---------- DATA TO EXAMINE ----------
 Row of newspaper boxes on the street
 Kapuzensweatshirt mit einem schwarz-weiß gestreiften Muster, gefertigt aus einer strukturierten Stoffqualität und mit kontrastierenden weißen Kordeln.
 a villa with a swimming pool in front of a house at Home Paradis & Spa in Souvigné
----------
---------- DATA TO EXAMINE ----------
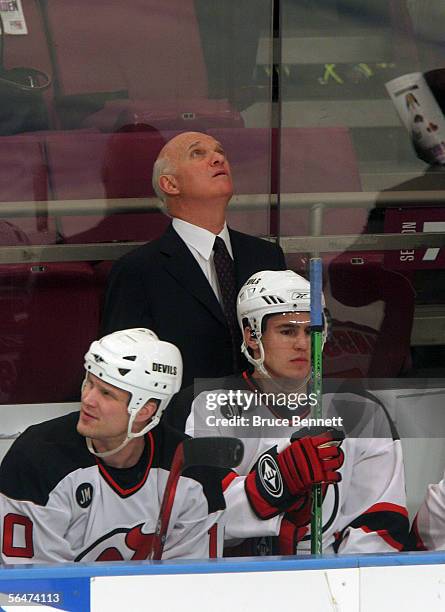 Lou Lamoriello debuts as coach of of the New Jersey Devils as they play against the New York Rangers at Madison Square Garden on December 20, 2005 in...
----------
REQUIRED WORK – Going back over the entries above, copy word for word every line from the one that has "Kapuzensweatshirt mit einem" on through the one that has "a villa with".

ANSWER SPACE –
 Kapuzensweatshirt mit einem schwarz-weiß gestreiften Muster, gefertigt aus einer strukturierten Stoffqualität und mit kontrastierenden weißen Kordeln.
 a villa with a swimming pool in front of a house at Home Paradis & Spa in Souvigné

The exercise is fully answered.